Controversial aluminum news hit late last week when the US Aluminum Extruders Council (AEC) filed a petition against Chinese aluminum extrusion producer Zhongwang Holdings (HKEX:1333) for evading US import duties.
The circumvention and scope clarification case, which was filed with the US Department of Commerce on Thursday evening, alleges that the Asian company “systematically and illegally” evaded US duties on aluminum products, including pallets and 5050 alloy extrusions.
According to a press release, the scheme involved hundreds of millions of pounds of aluminum extrusions that were simply cut and welded into aluminum slabs, which aren’t subject to the same duties. It states, “[u]pon entering the US these extrusions are being identified as ‘pallets’ even though the testimony the Council has gathered makes it clear the sole purpose of these extrusions is to re-melt them back into billets.”
The AEC also alleges that China Zhongwang has been exporting 5xxx series alloy extrusions into the US in order to avoid anti-dumping and countervailing duties. The Department of Commerce has 45 days to review the petition and make a decision whether or not to launch a full investigation.
The Hong Kong-listed company told the Financial Times that it exported and classified its products in accordance with government regulations and international trade rules, and said exports into the US were not covered by duties.
“The report lacks basic knowledge of the industry,” Zhongwang told the publication.
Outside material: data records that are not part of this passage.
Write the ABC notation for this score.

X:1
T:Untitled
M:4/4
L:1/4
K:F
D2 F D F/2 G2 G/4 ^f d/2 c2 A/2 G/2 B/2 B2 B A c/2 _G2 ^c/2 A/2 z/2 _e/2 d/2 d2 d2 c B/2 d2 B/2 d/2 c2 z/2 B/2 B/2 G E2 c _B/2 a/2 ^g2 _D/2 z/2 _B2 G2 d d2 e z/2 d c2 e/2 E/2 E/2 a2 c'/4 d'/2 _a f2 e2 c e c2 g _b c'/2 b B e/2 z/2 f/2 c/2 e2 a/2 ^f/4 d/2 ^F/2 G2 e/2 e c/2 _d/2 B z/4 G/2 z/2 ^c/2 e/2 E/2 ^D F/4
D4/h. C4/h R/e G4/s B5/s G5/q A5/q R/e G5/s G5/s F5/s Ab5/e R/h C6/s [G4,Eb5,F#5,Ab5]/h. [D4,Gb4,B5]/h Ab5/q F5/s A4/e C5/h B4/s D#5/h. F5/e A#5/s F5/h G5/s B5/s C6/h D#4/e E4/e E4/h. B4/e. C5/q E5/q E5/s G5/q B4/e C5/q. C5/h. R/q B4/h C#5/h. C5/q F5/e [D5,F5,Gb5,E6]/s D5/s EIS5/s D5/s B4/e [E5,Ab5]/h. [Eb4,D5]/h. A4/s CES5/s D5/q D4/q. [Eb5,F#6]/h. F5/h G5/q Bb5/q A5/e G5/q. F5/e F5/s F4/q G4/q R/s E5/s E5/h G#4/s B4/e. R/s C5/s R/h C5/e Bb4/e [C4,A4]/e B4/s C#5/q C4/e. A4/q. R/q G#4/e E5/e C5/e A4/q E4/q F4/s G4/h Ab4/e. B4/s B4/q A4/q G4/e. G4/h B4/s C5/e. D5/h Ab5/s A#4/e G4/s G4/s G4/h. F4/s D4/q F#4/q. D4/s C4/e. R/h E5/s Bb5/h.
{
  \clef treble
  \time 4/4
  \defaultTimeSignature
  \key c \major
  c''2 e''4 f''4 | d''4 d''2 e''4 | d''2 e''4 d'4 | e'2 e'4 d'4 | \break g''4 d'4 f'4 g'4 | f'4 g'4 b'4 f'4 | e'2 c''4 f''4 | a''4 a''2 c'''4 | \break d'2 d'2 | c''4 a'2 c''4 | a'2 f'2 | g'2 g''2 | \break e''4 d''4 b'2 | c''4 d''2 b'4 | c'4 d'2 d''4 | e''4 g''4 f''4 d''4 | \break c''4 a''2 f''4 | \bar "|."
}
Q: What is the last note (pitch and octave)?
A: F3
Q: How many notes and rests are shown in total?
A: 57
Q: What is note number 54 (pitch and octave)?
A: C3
The anti-dumping and countervailing duties were introduced in 2011 when the industry suffered declines in production and shipments after unfair imports from China decimated the markets for several years.
This isn’t the first time Zhongwang has been accused of illegal businesses practices. In fact, this past July, Dupre Analytics put out a report accusing the company of inflating sales by sending shipments to its offshore companies and systematically defrauding investors by fabricating at least 62.5 percent of its revenue since 2011.
Zhongwang quickly responded to the allegations, calling the report “malicious and groundless,” and saying that the shipments were transported to independent third parties.
China’s impact on the aluminum price
China currently accounts for over half of the world’s aluminum output and consumption, and as the aluminum surplus widens, it has caused a surge in exports and has distorted the supply-demand balance. According to the MetalMiner Annual Metal Outlook, Chinese exports are still up 22 percent compared to 2014 despite exports falling in recent months.
There has also been weaker demand for the metal as manufacturing, automobile and real estate activity in China continues downward — that means prices are likely to stay suppressed. According to the report, aluminum prices are expected to stay low into 2016, and based on market conditions, the firm expects three-month aluminum prices to average $1,550 per metric ton.
“Despite the fact that low prices have already caused producers to cut production, we believe that it will still be a while until aluminum prices make a substantial upward price move,” states the report. “The lows seen during 2009, $1,350 per metric tonne, could act as a support through the year. Buyers should consider fluctuations below $1,840 per metric tonne as normal within the falling market, and reconsider their strategy if prices break above this resistance level.”
A report put out by BofA Merrill Lynch Global Research predicts that aluminum prices will drop as low as $1,200 per tonne, noting that nearly half of the world’s aluminium smelters are not profitable at current prices. It adds that pressure will force more offline. Aluminum prices fell just below $1,500 per tonne last Thursday.
Securities Disclosure: I, Kristen Moran, hold no direct investment interest in any company mentioned in this article.